Last week I took a wonderful trip to visit my family in Washington, and it was truly a blessed time! I stayed with my sister's family, and my mom and dad came to visit as well. The great fun and precious fellowship with my mom and sister could hardly be beat!

But let me tell you...coming home was a hard thing to do. Don't worry, I was VERY excited to see my husband, but once I was home I wanted to take him right back there with me. I struggle on and off with being away from family, but I didn't expect to struggle so horribly with contentment these past few days.

Praise the Lord for a precious, understanding husband who practically WAS ready to pick up and move because he loves me so much. LOL. Ok...maybe not THAT crazy, but he is SO understanding! We have prayed a lot together and his love for me through a rough couple of days has been SO encouraging.

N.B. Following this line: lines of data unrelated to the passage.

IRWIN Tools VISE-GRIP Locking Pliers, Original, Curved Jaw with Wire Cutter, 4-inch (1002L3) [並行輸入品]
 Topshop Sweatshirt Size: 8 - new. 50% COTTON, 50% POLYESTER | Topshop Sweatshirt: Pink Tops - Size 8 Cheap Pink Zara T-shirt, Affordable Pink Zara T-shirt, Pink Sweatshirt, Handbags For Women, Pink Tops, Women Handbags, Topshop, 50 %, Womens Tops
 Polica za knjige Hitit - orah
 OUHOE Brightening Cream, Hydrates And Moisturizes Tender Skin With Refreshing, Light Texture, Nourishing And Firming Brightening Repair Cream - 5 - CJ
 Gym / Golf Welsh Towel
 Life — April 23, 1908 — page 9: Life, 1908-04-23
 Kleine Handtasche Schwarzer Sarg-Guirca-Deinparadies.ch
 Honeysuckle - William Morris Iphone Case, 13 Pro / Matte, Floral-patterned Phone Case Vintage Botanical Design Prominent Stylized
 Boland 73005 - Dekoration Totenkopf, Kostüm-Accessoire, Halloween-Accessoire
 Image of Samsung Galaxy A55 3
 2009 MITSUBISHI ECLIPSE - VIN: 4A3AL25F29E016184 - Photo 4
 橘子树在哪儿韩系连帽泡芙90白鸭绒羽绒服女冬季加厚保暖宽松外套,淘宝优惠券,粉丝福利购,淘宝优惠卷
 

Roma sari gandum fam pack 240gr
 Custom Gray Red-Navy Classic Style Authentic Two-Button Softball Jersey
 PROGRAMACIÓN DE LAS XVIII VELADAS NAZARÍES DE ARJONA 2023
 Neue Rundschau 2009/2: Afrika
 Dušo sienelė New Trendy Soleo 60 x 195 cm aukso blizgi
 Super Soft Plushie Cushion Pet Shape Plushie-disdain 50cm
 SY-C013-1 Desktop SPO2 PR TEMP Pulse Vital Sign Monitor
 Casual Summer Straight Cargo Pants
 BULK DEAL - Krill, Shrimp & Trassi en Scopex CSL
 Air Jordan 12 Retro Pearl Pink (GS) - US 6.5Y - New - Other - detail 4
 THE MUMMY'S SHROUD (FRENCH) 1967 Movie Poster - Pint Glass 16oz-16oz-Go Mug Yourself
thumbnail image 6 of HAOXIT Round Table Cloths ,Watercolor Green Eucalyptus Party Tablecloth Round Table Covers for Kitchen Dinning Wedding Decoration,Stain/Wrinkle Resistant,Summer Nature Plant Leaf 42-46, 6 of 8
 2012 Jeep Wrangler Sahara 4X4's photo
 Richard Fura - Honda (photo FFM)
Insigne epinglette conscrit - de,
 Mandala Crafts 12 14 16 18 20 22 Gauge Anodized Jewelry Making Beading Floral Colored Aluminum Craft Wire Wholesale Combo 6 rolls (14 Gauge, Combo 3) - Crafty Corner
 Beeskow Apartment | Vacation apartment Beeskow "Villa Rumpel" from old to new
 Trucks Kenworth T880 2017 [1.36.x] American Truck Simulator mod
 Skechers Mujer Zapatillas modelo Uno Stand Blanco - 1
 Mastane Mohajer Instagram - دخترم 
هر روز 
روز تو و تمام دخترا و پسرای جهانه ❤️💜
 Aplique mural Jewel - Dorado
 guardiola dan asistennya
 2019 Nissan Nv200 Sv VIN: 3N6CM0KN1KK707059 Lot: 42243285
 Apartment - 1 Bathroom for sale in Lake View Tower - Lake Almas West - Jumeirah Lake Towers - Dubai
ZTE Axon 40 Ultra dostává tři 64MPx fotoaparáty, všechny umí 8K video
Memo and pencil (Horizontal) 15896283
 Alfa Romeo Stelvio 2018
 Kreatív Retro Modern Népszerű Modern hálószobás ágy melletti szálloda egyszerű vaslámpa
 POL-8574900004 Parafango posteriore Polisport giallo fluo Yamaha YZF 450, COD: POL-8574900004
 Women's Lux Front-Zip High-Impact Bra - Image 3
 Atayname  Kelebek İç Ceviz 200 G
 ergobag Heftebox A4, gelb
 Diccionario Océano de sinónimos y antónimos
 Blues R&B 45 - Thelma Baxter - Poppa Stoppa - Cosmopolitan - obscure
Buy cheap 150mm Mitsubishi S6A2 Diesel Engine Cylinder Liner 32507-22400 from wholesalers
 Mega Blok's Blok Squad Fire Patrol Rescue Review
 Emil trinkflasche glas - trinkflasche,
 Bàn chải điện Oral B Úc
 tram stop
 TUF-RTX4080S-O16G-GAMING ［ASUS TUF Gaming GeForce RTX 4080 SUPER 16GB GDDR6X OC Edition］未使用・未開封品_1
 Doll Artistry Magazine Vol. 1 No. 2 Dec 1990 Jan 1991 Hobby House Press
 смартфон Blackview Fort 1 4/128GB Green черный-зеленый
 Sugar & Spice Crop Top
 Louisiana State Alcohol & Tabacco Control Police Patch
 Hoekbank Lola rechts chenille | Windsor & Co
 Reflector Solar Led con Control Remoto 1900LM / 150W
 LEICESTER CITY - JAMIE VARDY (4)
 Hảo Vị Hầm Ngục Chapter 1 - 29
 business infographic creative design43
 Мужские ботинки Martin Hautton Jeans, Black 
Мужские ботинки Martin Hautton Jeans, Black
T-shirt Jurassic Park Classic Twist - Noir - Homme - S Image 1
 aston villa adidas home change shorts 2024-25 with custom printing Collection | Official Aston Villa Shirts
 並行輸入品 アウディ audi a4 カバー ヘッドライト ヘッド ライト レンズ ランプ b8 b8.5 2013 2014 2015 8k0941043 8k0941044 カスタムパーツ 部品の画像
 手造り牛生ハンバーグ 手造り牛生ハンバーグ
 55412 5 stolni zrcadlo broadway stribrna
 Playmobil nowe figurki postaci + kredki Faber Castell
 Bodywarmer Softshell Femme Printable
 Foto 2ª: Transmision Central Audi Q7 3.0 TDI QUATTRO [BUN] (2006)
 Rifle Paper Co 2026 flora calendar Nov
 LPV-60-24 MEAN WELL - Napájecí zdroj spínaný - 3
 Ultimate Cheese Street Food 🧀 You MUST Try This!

These past few days, I have read the book of Philippians and a number of scriptures to pound into my little brain and heart that our God is SO sovereign and we are to be so incredibly thankful in ALL circumstances. This is what brings me to "Ella's Prescription for Contentment". I don't know who Ella is, but it's a piece of paper I was given at a women's retreat a few years ago with five points to preach to yourself when you are struggling with what the Lord has given you. I refer back to it often. And really this is God's prescription for contentment given to us in the Word.

  • Never allow yourself to complain about anything---not even the weather! Phil. 2:14-15 "Do all things without grumbling or disputing; so that you will prove yourselves to be blameless and innocent, children of God above reproach in the midst of a crooked and perverse generation."
  • Never picture yourself in any other circumstance or someplace else (Uh-Oh!). 1 Thes. 5:18 "Give thanks in all circumstances, for this is God's will for you in Christ Jesus."
  • Never compair your lot with another's. Psalm 16:5 "The Lord is the portion of my inheritance and my cup; You(the Lord) support my lot." HE has ASSIGNED me my portion and my cup.
  • Never allow youself to wish this or that had been otherwise. Psalm 16:8 "I have set the Lord continually before me; because He is at my right hand, I will not be shaken."
  • Never dwell on tomorrow- remember that it(tomorrow) is God's, not ours. Matthew 6:34 "Therefore do not worry about tomorrow, for tomorrow will worry about itself. Each day has enough trouble of its own." (see the whole passage 6:25-34)
So...as you can see, I have no excuse! I don't believe it's wrong to have desires to be close to family, and maybe someday the Lord will honor those desires, bit it IS wrong to let them become a means for discontentment. I need to be thankful for what the Lord has willed for my life! And he has given me SO many blessings! His plan is perfect for each day, and although I think certain things would be wonderful, the Lord obviously has better things in mind for the time being!